Scraped caption text data:
Content starts
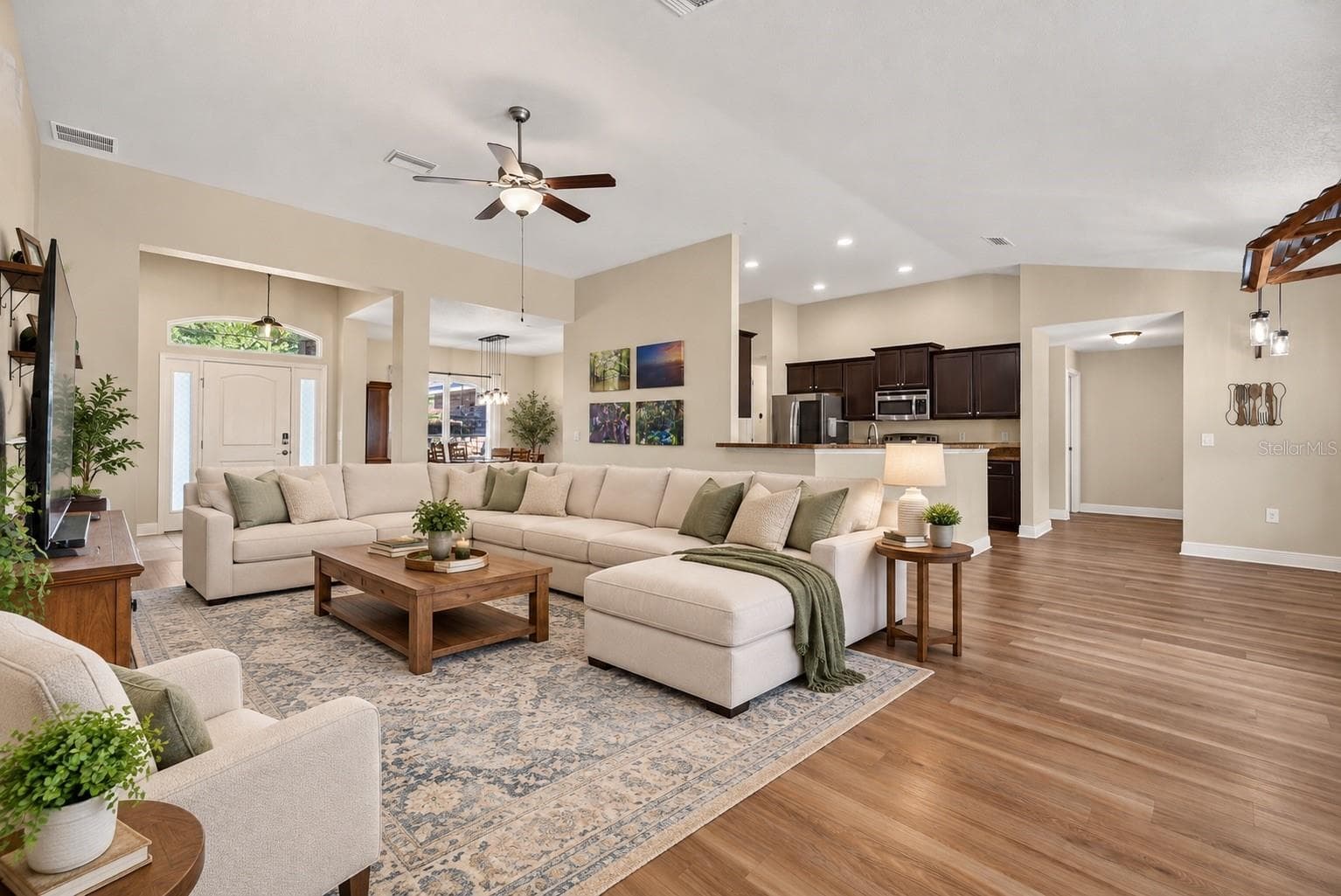 Living Room - 6746 SE 12TH PL, OCALA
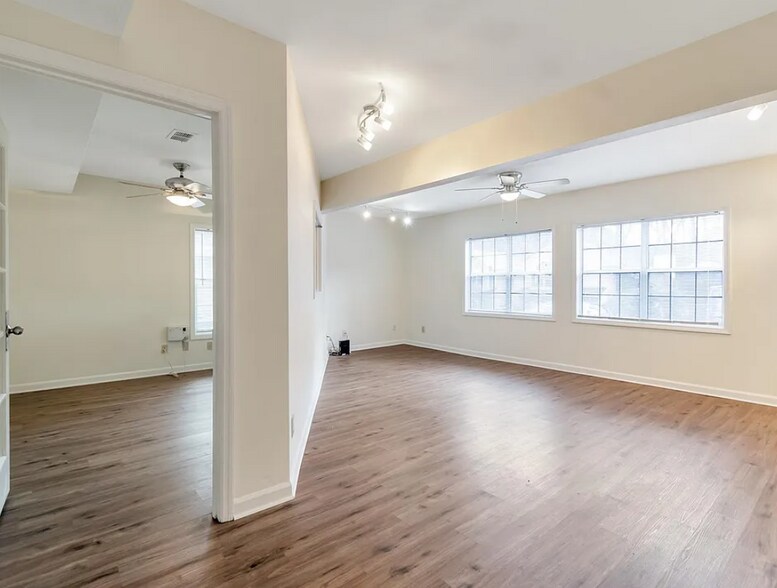 Building Photo - 1254 Watercrest Cir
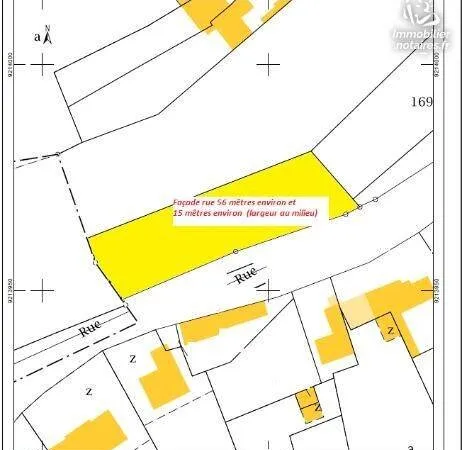 Terrain constructible 824 m²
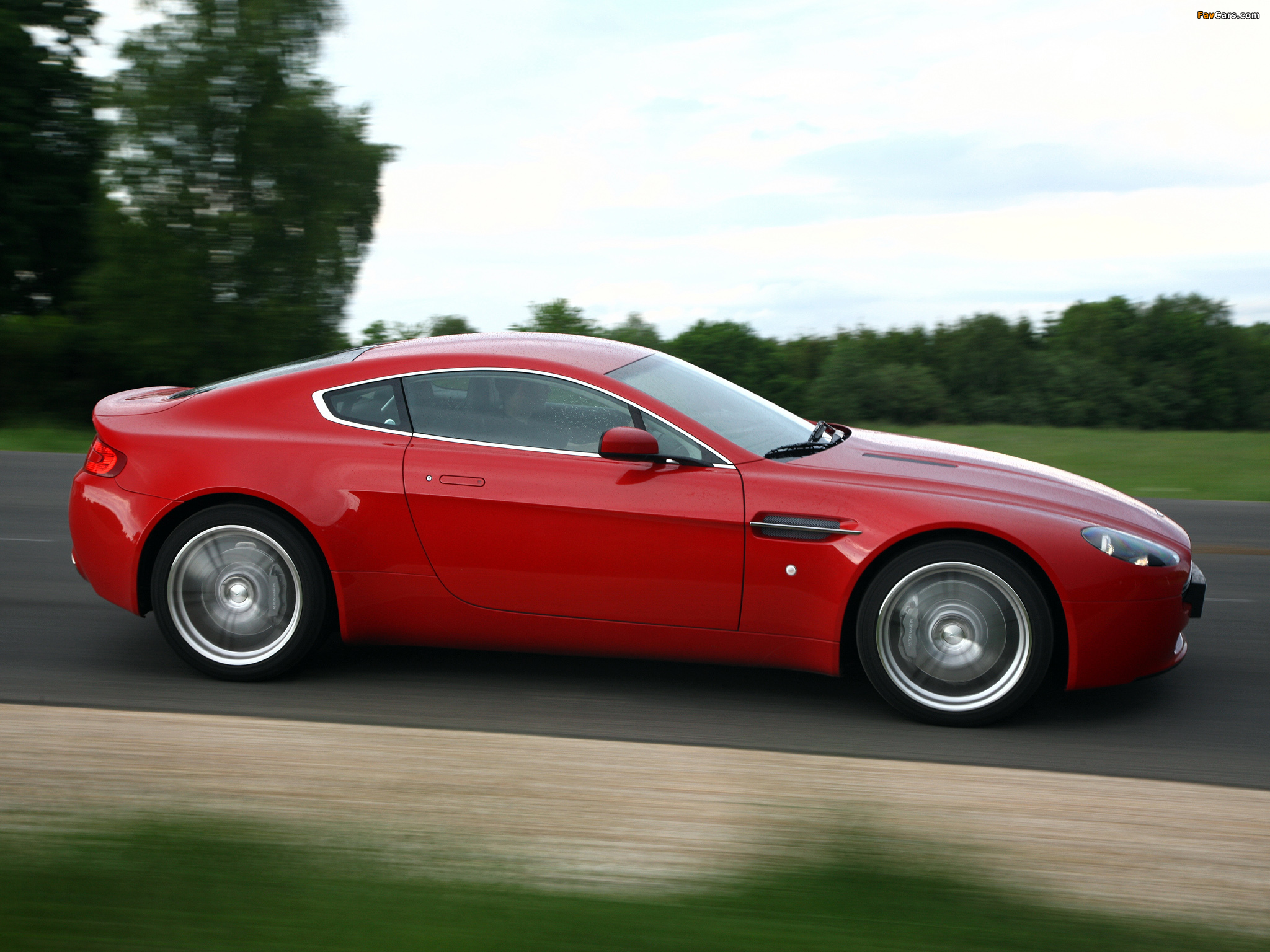 Images of Aston Martin V8 Vantage (2008–2012) (2048 x 1536)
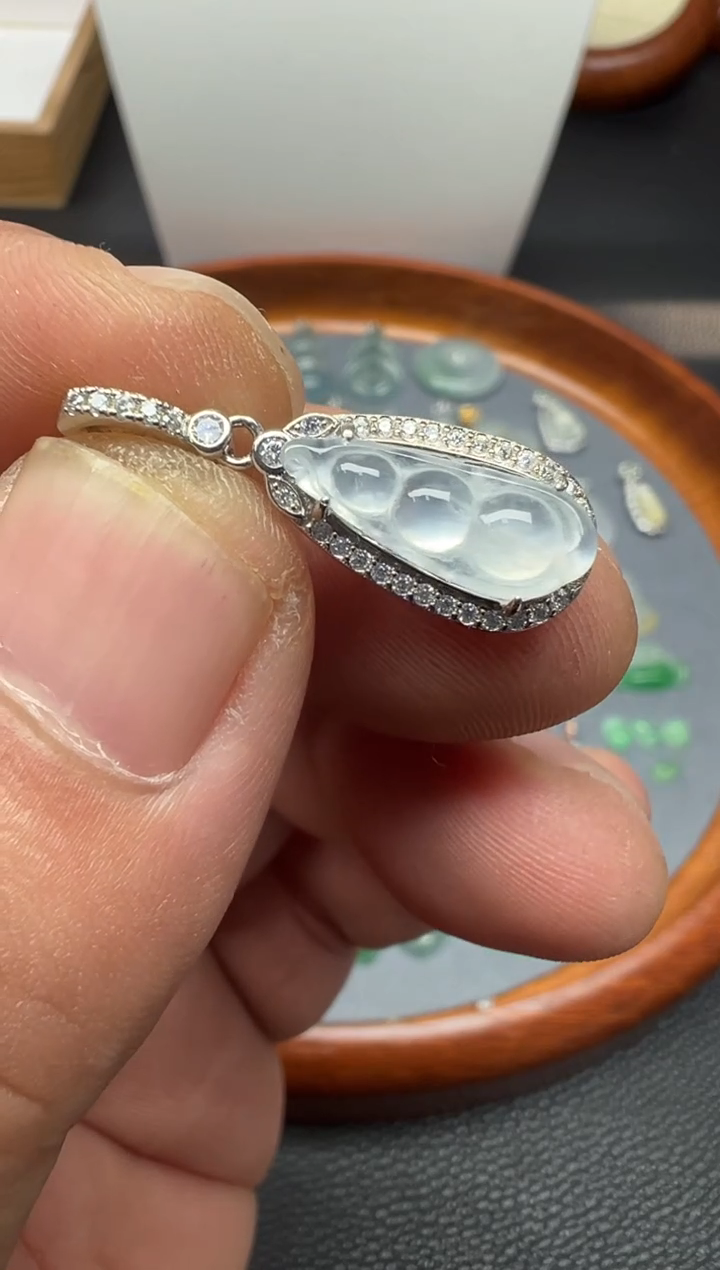 颈饰银S925镶嵌翡翠（18号链接）纯天然A货缅甸翡翠豆子（滴溜）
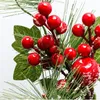Dekorativa blommor bröllop hemväxt stjälkar dekoration röd bär falsk gren juldekor konstgjord tall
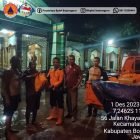Pemerintah Kabupaten Bojonegoro, melalui Badan Penanggulangan Bencana Daerah (BPBD), mengirimkan bantuan paket sembako kepada masyarakat yang terdampak banjir bandang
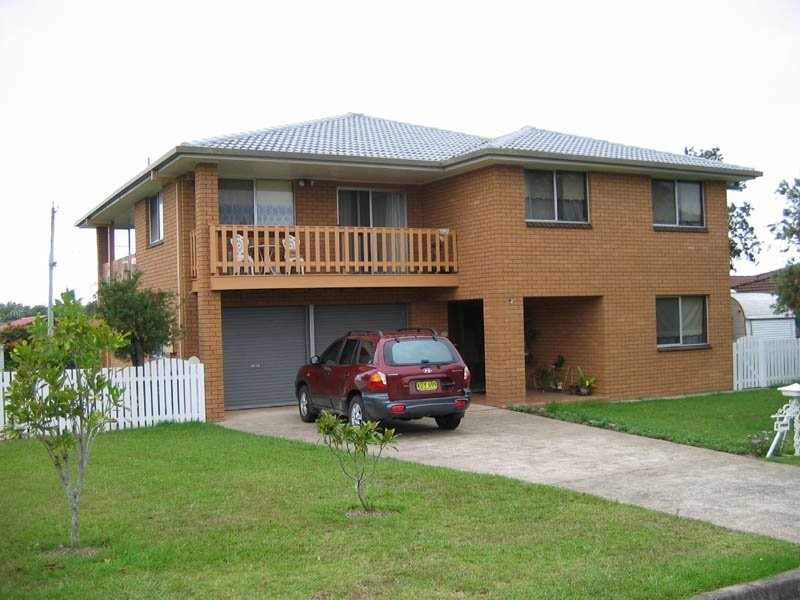 2 Rushby Drive, Old Bar NSW 2430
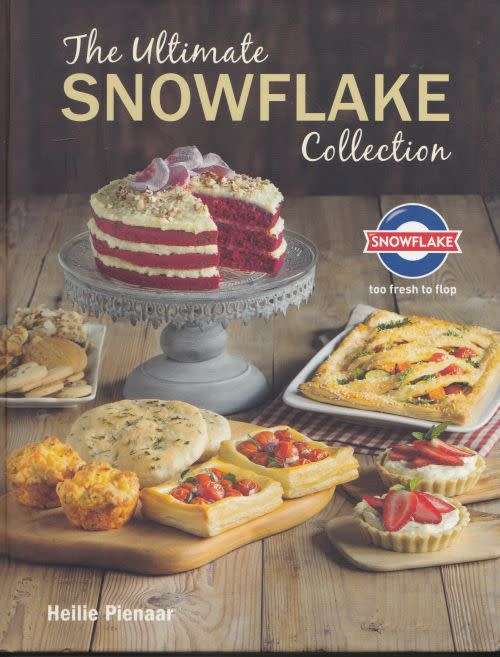 THE ULTIMATE SNOWFLAKE COLLECTION by Heilie Pienaar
Content ends
Would you repeat the entries exactly, keeping the images out?

 Living Room - 6746 SE 12TH PL, OCALA
 Building Photo - 1254 Watercrest Cir
 Terrain constructible 824 m²
 Images of Aston Martin V8 Vantage (2008–2012) (2048 x 1536)
 颈饰银S925镶嵌翡翠（18号链接）纯天然A货缅甸翡翠豆子（滴溜）
Dekorativa blommor bröllop hemväxt stjälkar dekoration röd bär falsk gren juldekor konstgjord tall
Pemerintah Kabupaten Bojonegoro, melalui Badan Penanggulangan Bencana Daerah (BPBD), mengirimkan bantuan paket sembako kepada masyarakat yang terdampak banjir bandang
 2 Rushby Drive, Old Bar NSW 2430
 THE ULTIMATE SNOWFLAKE COLLECTION by Heilie Pienaar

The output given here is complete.